A TV vai se tornando o gênio da lâmpada. Ela instaura a nova ordem: tudo há de circular pelos chips, nada será autorizado fora deles. A utopia tecnológica vem, assim, em forma de tirania envolvente. Vai monitorar até os fios de cabelo que se perderem no ralo da pia -e vai angariar o apoio excitado dos telespectadores, que piscam os olhinhos para os lampejos futuristas. Mariposas em volta da lâmpada.

Por ora, o que há de interatividade no vídeo são as enquetes do ?Casseta & Planeta?, as consultas do Galvão Bueno sobre o Felipão e as telefeiras. A platéia adere em frêmitos. Que filme você quer ver na segunda que vem? Quanto você quer doar para o programa ?Criança Esperança?? Compre já esta linda torradeira e ganhe grátis uma caneta tinteiro que fura latinha de cerveja. A TV oferta o mundo em dez vezes sem juros. O mundo inteiro, mas nada que importe. O mundo inteiro e, ao mesmo tempo, nada. Pelo vídeo só se negocia o que não conta. A TV interativa, do presente ou do futuro, existe para seduzir o consumidor -e para silenciar o cidadão. Essa é sua lógica central.

Ela pergunta sobre gravatas, torradeiras e garotas, mas nunca sobre direitos. Ela interpela o consumidor (o desejo que há em você) e nunca o cidadão (a consciência de se saber fonte de todo poder). Ela quer que o indivíduo (você) se manifeste em relação à cor da sandalinha ou ao preço da esteira ergométrica mas, por favor, que ele (você) nem pense sobre o poder -muito menos sobre o poder da TV. Chega a ser psicótica a recusa da TV em falar do poder que ela encerra.

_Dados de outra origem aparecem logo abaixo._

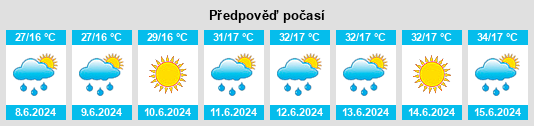 Výhled počasí pro místo Akriní na Slunečno.cz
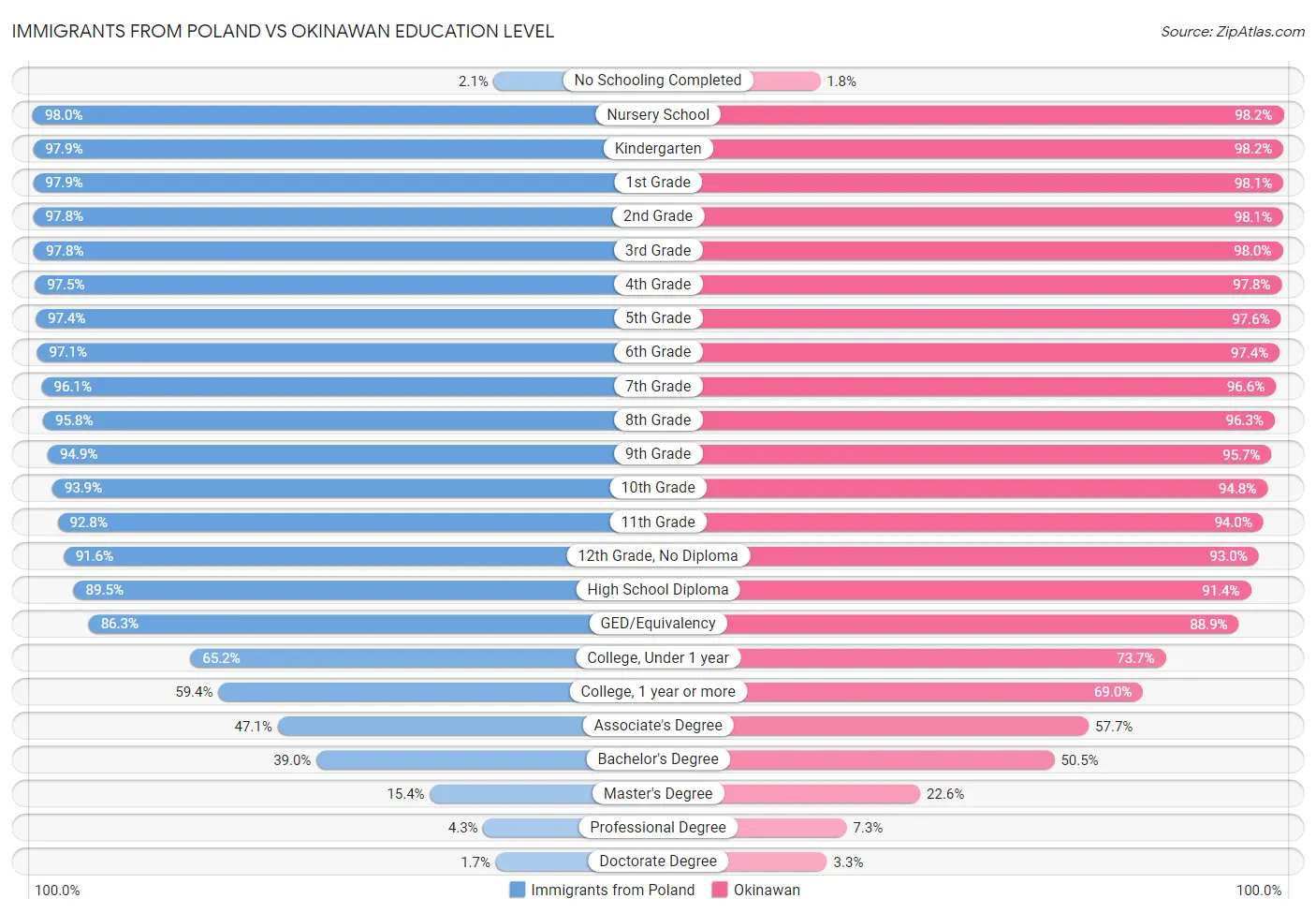 Immigrants from Poland vs Okinawan Education Level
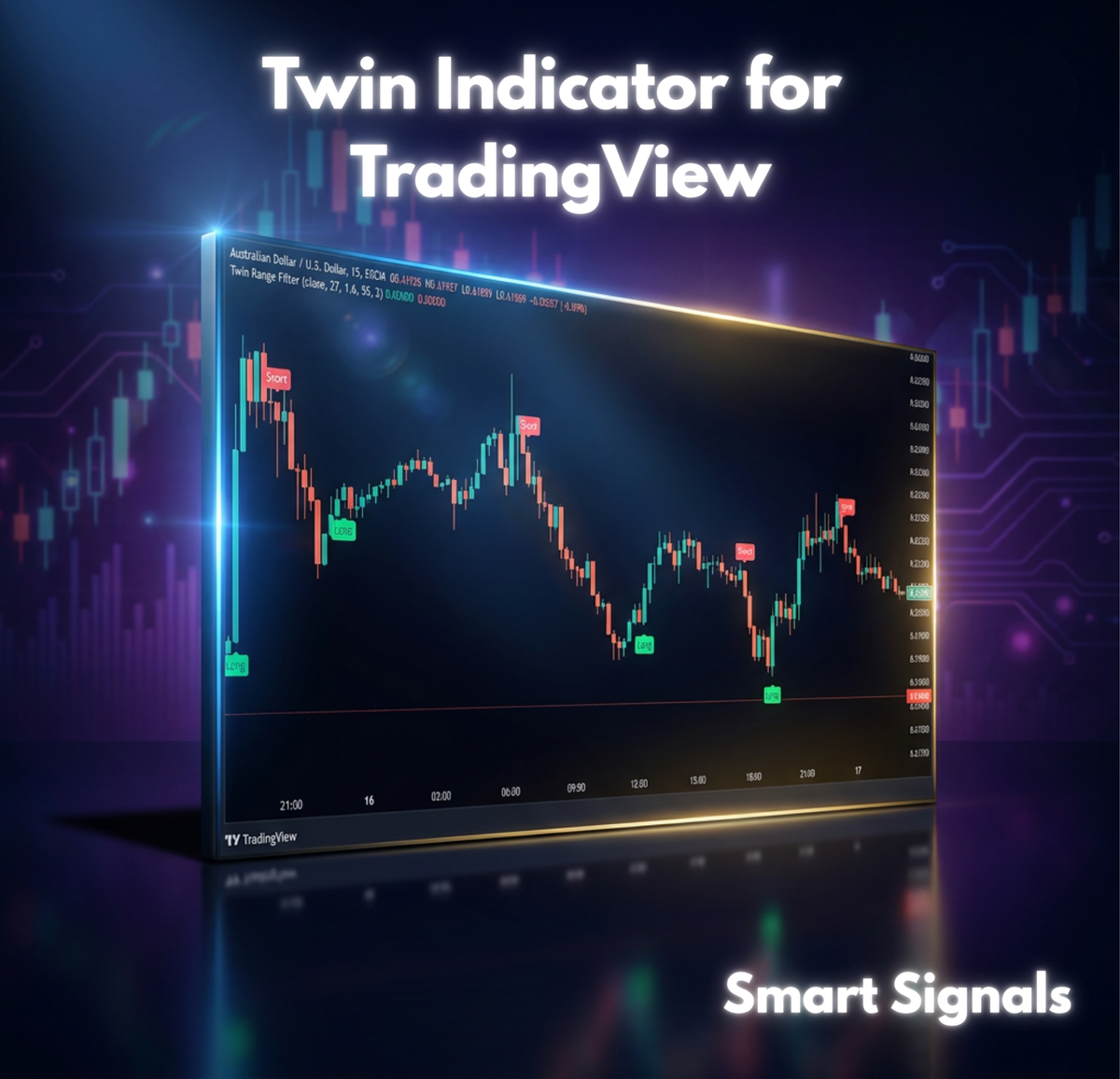 Twin Indicator TradingView FxTradingAlpha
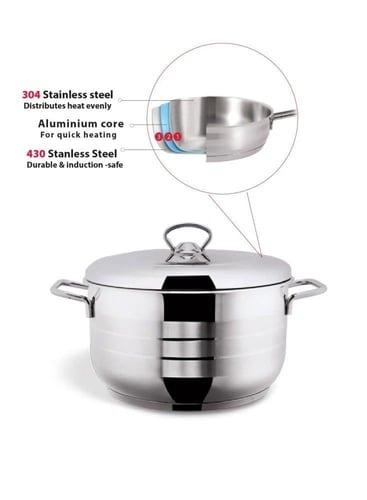 طقم قدور ستيل 9 قطع من مستر كوك MISTER COOK BA1900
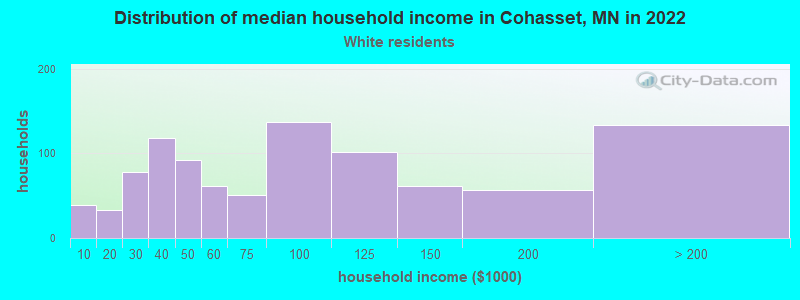 Distribution of median household income in Cohasset, MN in 2022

Quantos anos deve durar uma concessão de canal aberto no Brasil? Alguém já viu essa pergunta no 0900? Hoje, a cada 15 anos as concessões dos canais abertos devem ser renovadas. Ou não renovadas, desde que dois quintos do Congresso Nacional assim o queiram, em votação nominal (conforme dispõe o artigo 223 da Constituição Federal, parágrafo segundo). Algum cidadão aí já foi consultado sobre o tema? Você já foi? Você sabe quando foram renovadas as concessões da Globo? Do SBT? Você conhece os termos dessas concessões? Enfim, por que a TV não é interativa quando o assunto é esse?

Essa nova ferramenta da utopia tecnológica, a interatividade, tão celebrada pelos futurólogos que vivem de vender pontos de exclamação ao capital, bem que seria útil para consultar o telespectador (o cidadão) sobre as concessões. Pois é em nome dele, cidadão, que as concessões são outorgadas. Seria útil, mas, francamente, você acha que haverá consultas sobre isso?

Essa tal de interatividade deveria se chamar interpassividade. Nada mais. Interpassividade consumista: anabolizante para o comércio, nuvem de fumaça para a democracia. Nos anos 60, um filósofo costumava dizer que a ideologia interpela os indivíduos enquanto sujeitos. Já não importa muito o que ele queria dizer. Importa que hoje a ideologia (videologia) interpela o indivíduo como freguês. E o freguês abre mão, alegremente, de ser aquele de quem emana o poder. Ele é apenas um qualquer, ser fungível, de quem emana o lucro."